Big data, migration and human mobility
The term "big data" includes anonymized data that are generated by users of mobile devices, internet-based platforms, or by digital sensors and meters, for example, satellite imagery. With about 5.1 billion unique mobile users, and around 4 billion active internet users around the world (We Are Social - Hootsuite, 2018), such "digital traces" present an enormous opportunity to complement traditional sources of migration data and improve knowledge of various aspects of migration. This is all the more relevant in light of the current data gaps and the need to monitor progress towards the migration-related targets in the Sustainable Development Goals (SDGs). The potential of these innovative sources, however, comes with significant challenges.
Back to top
Big data are usually understood as data generated automatically by users of mobile phones, social media, internet platforms and applications, as well as via digital sensors and meters. Such data are stored in real time in large databases, usually owned by private companies - be it mobile phone operators, providers of social media platforms or other internet-based services. However, big data are not only "big" because of their volume; the speed ("velocity") at which they are generated and the complexity ("variety") of the information are also considered as distinguishing features of this kind of data (Hilbert, 2013).

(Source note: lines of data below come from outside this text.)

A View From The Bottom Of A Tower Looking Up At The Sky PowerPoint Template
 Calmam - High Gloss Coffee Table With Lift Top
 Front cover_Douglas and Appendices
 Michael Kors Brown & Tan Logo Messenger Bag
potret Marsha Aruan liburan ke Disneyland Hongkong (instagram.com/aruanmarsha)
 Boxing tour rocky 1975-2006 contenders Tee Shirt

Big data are different from data based on traditional household surveys as they do not refer to a random sample of individuals but to the totality of the population using, for instance, mobile phones or internet-based platforms, and these data are accessible in real time (Hilbert, 2014). Big data also differ from traditional data because of the specific technical and analytical methods required to extract meaningful insights from them and transform these data into ”value” (de Mauro, Greco and Grimaldi, 2016). Letouzé (2015) distinguishes between big data as data, or "digital" translation of human actions, interactions and transactions picked up by digital devices and services," and big data as "an ecosystem of data, human and technical capacities and communities" producing and using such information for decision-making.
A relatively small but fast-growing body of literature and a number of applications have demonstrated the potential of using various types of big data sources - usually mobile-phone or internet-based sources - or the combination of traditional and new sources, to improve understanding of mobility and migration processes (Global Migration Group, 2017). Noteworthy examples include the following:
- Mobile phone Call Detail Records (CDR) have been used to track internal displacement following natural disasters, such as the Haiti and Nepal earthquakes, or estimate money-transfer patterns in post-disaster situations (Bengtsson et al., 2011; Blumenstock, Eagle and Fafchamps, 2013). Such records contain information on the approximate location of the calling and receiving end, time and duration of the call, as well as the calling and receiving number, which are anonymous identifiers of the caller and the receiver. While CDR data are usually more helpful to identify internal migration patterns, they could also be used to measure international migration at the sub-regional level, particularly when combined with other sources. For instance, the combination of CDR with satellite data can help to map movements between cross-border communities (Sorichetta, 2017). International mobile phone calls coupled with census statistics can also contribute to understanding patterns of migrant integration and residential segregation (Natale, 2017). The SoBigData Consortium, led by the University of Pisa, is also analyzing mobile phone data from the Turketlekom D4R challenge to assess the integration of Syrian refugees in Turkey, and building a "refugee integration index" through the combination of these data with geo-referenced Twitter data and official labour force statistics. CDR can also be used to identify people living and working in more than one country, or "transnationals" (Ahas and Tiru, 2017).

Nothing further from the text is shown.